1. Prayer, Prayer, and more Prayer. While this sounds somewhat simplistic and obviously very "churchy" it cannot be overstated. It is important to ask God if he wants a ministry to singles to be launched in your church at this time. As a Education Pastor it is typically a no-brainer for me to want to launch new groups. However, I have learned over the years that it is important for me to launch healthy groups, not just new groups. I have had to close down more groups than I ever wanted because I allowed them to begin in an unhealthy manner. Part of the problem was that I was anxious to begin a group and God's timing was not right. He had not prepared or brought the right leadership to the church. Henry Blackaby in his classic, Experiencing God, reminds us that once we know what God is doing, then we know we know what we need to do. The focus must be on God, not on us! Pray that God would show you if he is doing something in your church in this area and if He is I am sure that He is also raising up the leadership to make it happen.
2. Try to begin with a leadership team. In my experience groups that begin with a team are far more likely to be healthy and to grow than groups who are driven by the passion of one. I just me with two people today on this very topic and challenged them to come back to me when they had a committed team of five in place. That will also help me to see if this is something God is wanting to do or if it is something that these two individuals are wanting to do.
3. Be flexible. If there are any ministries of the church were flexibility and acceptance is needed it is in the area of this ministry. Now I am not saying be flexible with doctrine or theology. I am saying be flexible with methodology. While you may hold some of your others groups to tight and strict standards this may not be the place to be pushy. Often times those who are gifted to lead this type of group need some ability to maneuver around through the ministry to make it work. It can require getting late night calls from single ladies who need help with car repair. It can mean dealing with unhealthy relationships within the group. These leaders need more encouragement and grace from you as the ministry leader than some of your other group leaders. Pay extra attention to them. It can be a demanding, but rewarding ministry.

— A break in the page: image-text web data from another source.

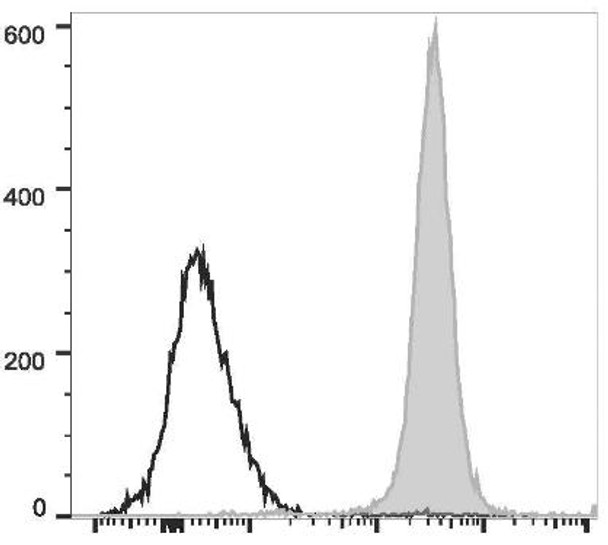 PerCP/Cyanine5.5 Anti-Rat CD45 Antibody [OX-1] (AGEL2453)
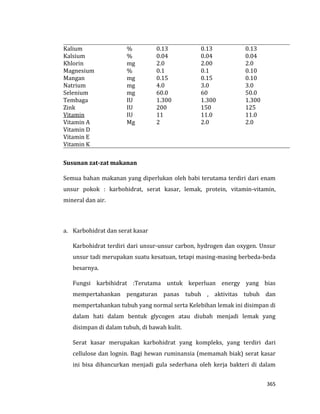 365
Kalium
Kalsium
Khlorin
Magnesium
Mangan
Natrium
Selenium
Tembaga
Zink
Vitamin
Vitamin A
Vitamin D
Vitamin E
Vitamin K
%
%
mg
%
mg
mg
mg
IU
IU
IU
Mg
0.13
0.04
2.0
0.1
0.15
4.0
60.0
1.300
200
11
2
0.13
0.04
2.00
0.1
0.15
3.0
60
1.300
150
11.0
2.0
0.13
0.04
2.0
0.10
0.10
3.0
50.0
1.300
125
11.0
2.0
Susunan zat-zat makanan
Semua bahan makanan yang diperlukan oleh babi terutama terdiri dari enam
unsur pokok : karbohidrat, serat kasar, lemak, protein, vitamin-vitamin,
mineral dan air.
a. Karbohidrat dan serat kasar
Karbohidrat terdiri dari unsur-unsur carbon, hydrogen dan oxygen. Unsur
unsur tadi merupakan suatu kesatuan, tetapi masing-masing berbeda-beda
besarnya.
Fungsi karbihidrat :Terutama untuk keperluan energy yang bias
mempertahankan pengaturan panas tubuh , aktivitas tubuh dan
mempertahankan tubuh yang normal serta Kelebihan lemak ini disimpan di
dalam hati dalam bentuk glycogen atau diubah menjadi lemak yang
disimpan di dalam tubuh, di bawah kulit.
Serat kasar merupakan karbohidrat yang kompleks, yang terdiri dari
cellulose dan lognin. Bagi hewan ruminansia (memamah biak) serat kasar
ini bisa dihancurkan menjadi gula sederhana oleh kerja bakteri di dalam
 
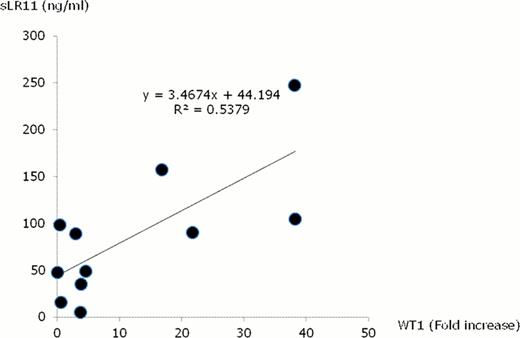 Figure 1. Correlation between serum sLR11 and bone marrow WT1 mRNA in acute leukemia patients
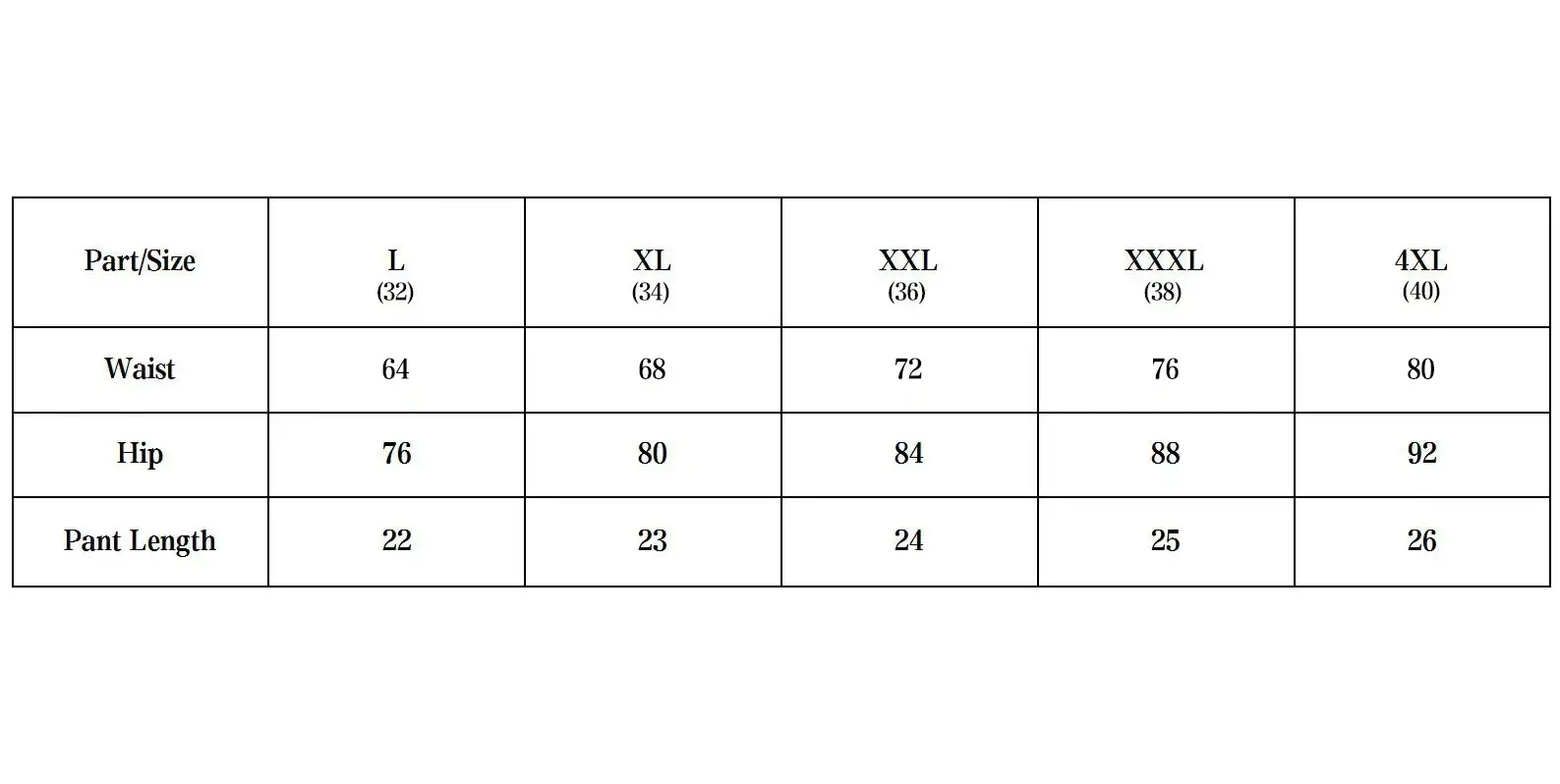 3PCS Fashion Trend Northeast Big Flower Printed Men's Underwear Breathable Comfortable Antibacterial Boxer Shorts — image 1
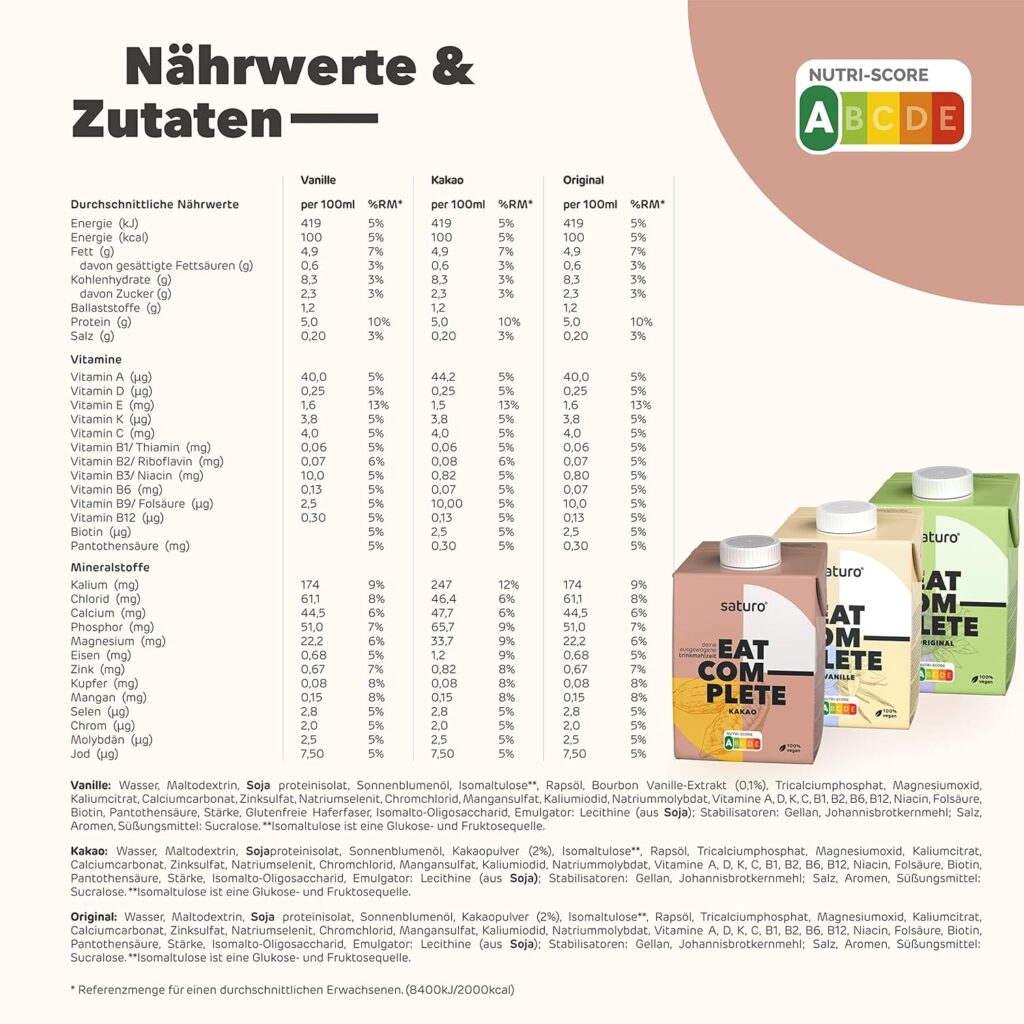 Saturo Trinkmahlzeit Probierpaket (Schokolade, Vanille, Original) | Astronautennahrung Mit Protein  500kcal | Vegane Trinknahrung Mit Wertvollen Nährstoffen | 18 x 500 ml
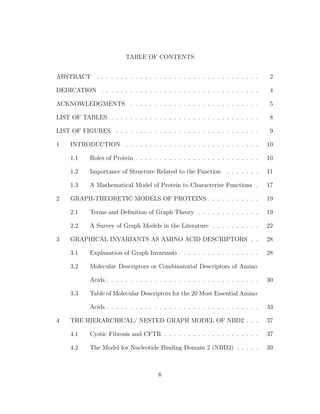 TABLE OF CONTENTS
ABSTRACT . . . . . . . . . . . . . . . . . . . . . . . . . . . . . . . . . . 2
DEDICATION . . . . . . . . . . . . . . . . . . . . . . . . . . . . . . . . . 4
ACKNOWLEDGMENTS . . . . . . . . . . . . . . . . . . . . . . . . . . . 5
LIST OF TABLES . . . . . . . . . . . . . . . . . . . . . . . . . . . . . . . 8
LIST OF FIGURES . . . . . . . . . . . . . . . . . . . . . . . . . . . . . . 9
1 INTRODUCTION . . . . . . . . . . . . . . . . . . . . . . . . . . . . 10
1.1 Roles of Protein . . . . . . . . . . . . . . . . . . . . . . . . . . 10
1.2 Importance of Structure Related to the Function . . . . . . . 11
1.3 A Mathematical Model of Protein to Characterize Functions . 17
2 GRAPH-THEORETIC MODELS OF PROTEINS . . . . . . . . . . . 19
2.1 Terms and Deﬁnition of Graph Theory . . . . . . . . . . . . . 19
2.2 A Survey of Graph Models in the Literature . . . . . . . . . . 22
3 GRAPHICAL INVARIANTS AS AMINO ACID DESCRIPTORS . . 28
3.1 Explanation of Graph Invariants . . . . . . . . . . . . . . . . . 28
3.2 Molecular Descriptors or Combinatorial Descriptors of Amino
Acids . . . . . . . . . . . . . . . . . . . . . . . . . . . . . . . . 30
3.3 Table of Molecular Descriptors for the 20 Most Essential Amino
Acids . . . . . . . . . . . . . . . . . . . . . . . . . . . . . . . . 33
4 THE HIERARCHICAL/ NESTED GRAPH MODEL OF NBD2 . . . 37
4.1 Cystic Fibrosis and CFTR . . . . . . . . . . . . . . . . . . . . 37
4.2 The Model for Nucleotide Binding Domain 2 (NBD2) . . . . . 39
6
 
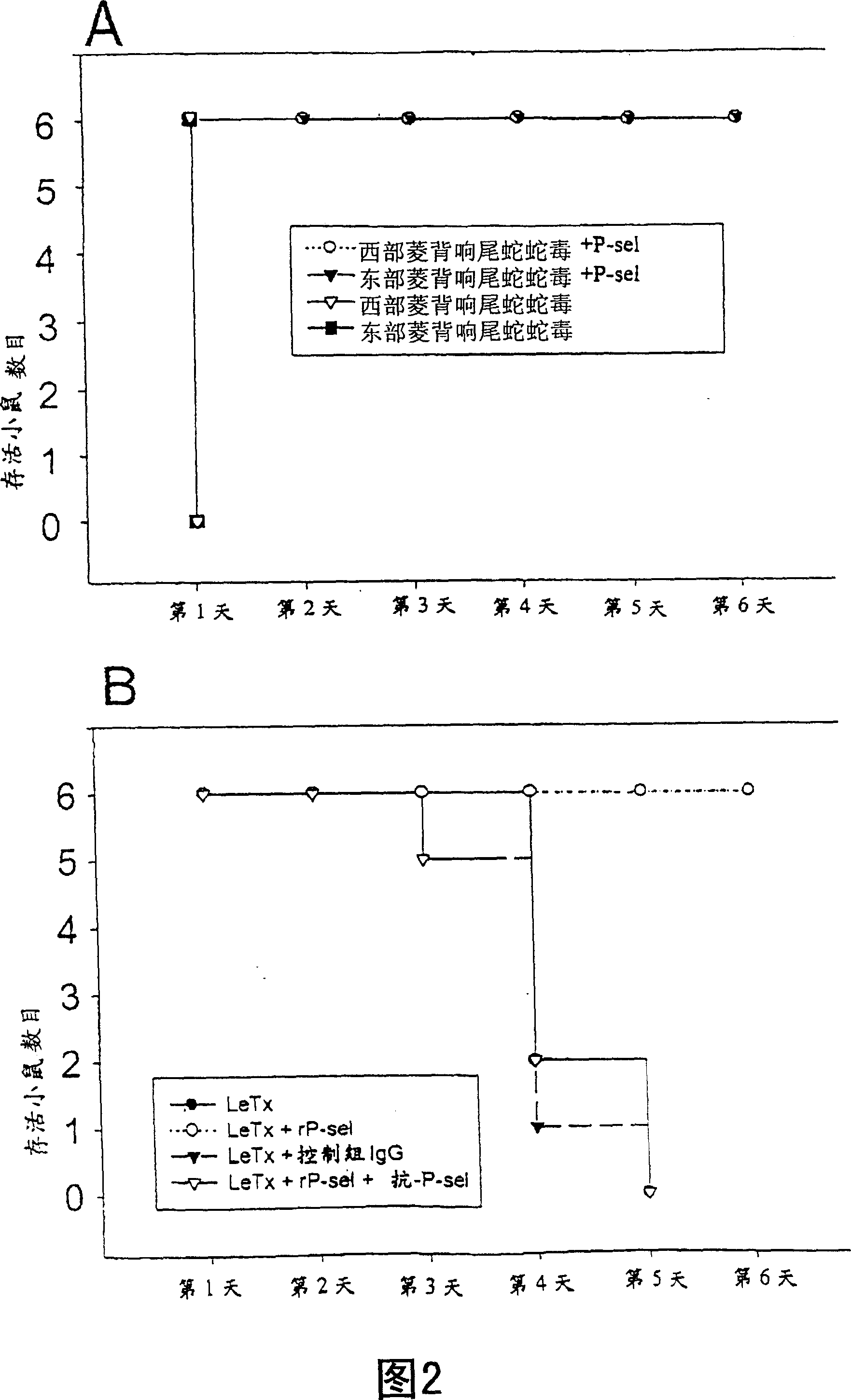 Novel usage of soluble P-lectin and anthrax lethal toxin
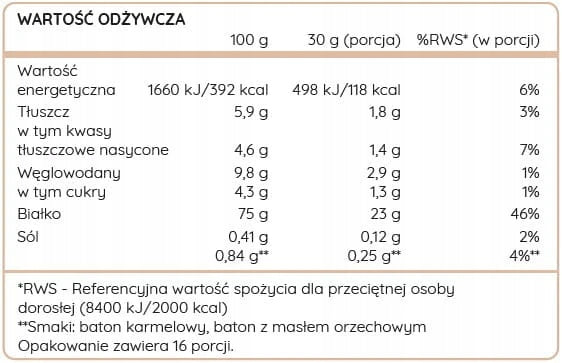 SPECIFIC Protein 500 g WPC WHEY Milk Chocolate Bar Packaging status original
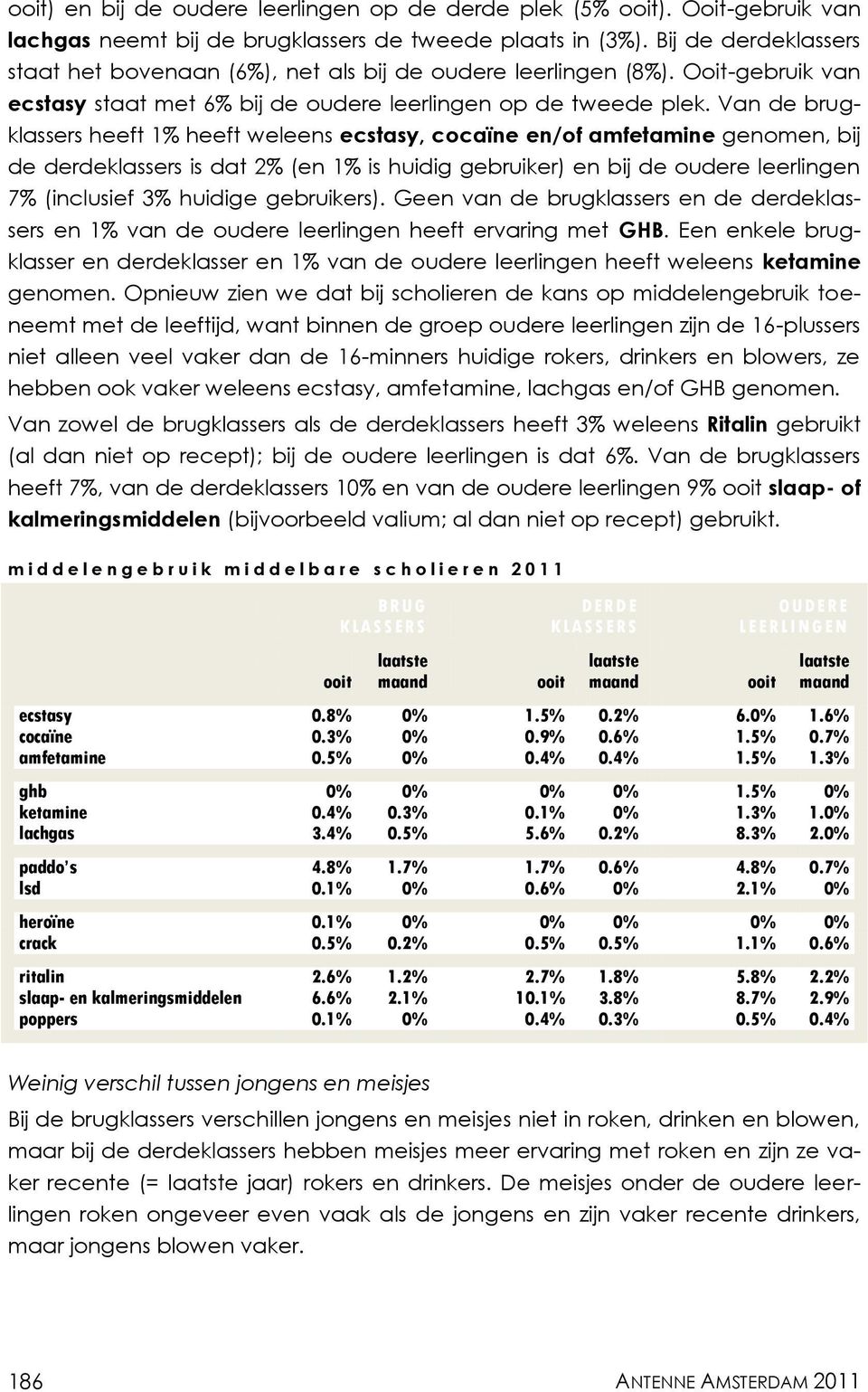 Van de brugklassers heeft 1% heeft weleens ecstasy, cocaïne en/of amfetamine genomen, bij de derdeklassers is dat 2% (en 1% is huidig gebruiker) en bij de oudere leerlingen 7% (inclusief 3% huidige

4. Try to start the group with healthy people. The death of this ministry occurs the day the emotionally unhealthy people outnumber the healthy. Now I know some of you are going to email me and tell me the church needs to love unhealthy people too and I totally agree. It is just that all the unhealthy people can not be in the same group or there will be no healthy and maturing people left to minister to those in need. Try and spread some of the people who are struggling to some other groups in order to keep a balance for ministry. Aiming for health is more important than aiming for growth. Growth happens naturally when an organism (or group) is healthy.
With the divorce rate holding near 50% and people marrying later in life there is a good chance that your church has a significant demographic of singles or "single again". I hope this post will move you to at least begin praying about this type ministry for your church. God will show you when the time is right.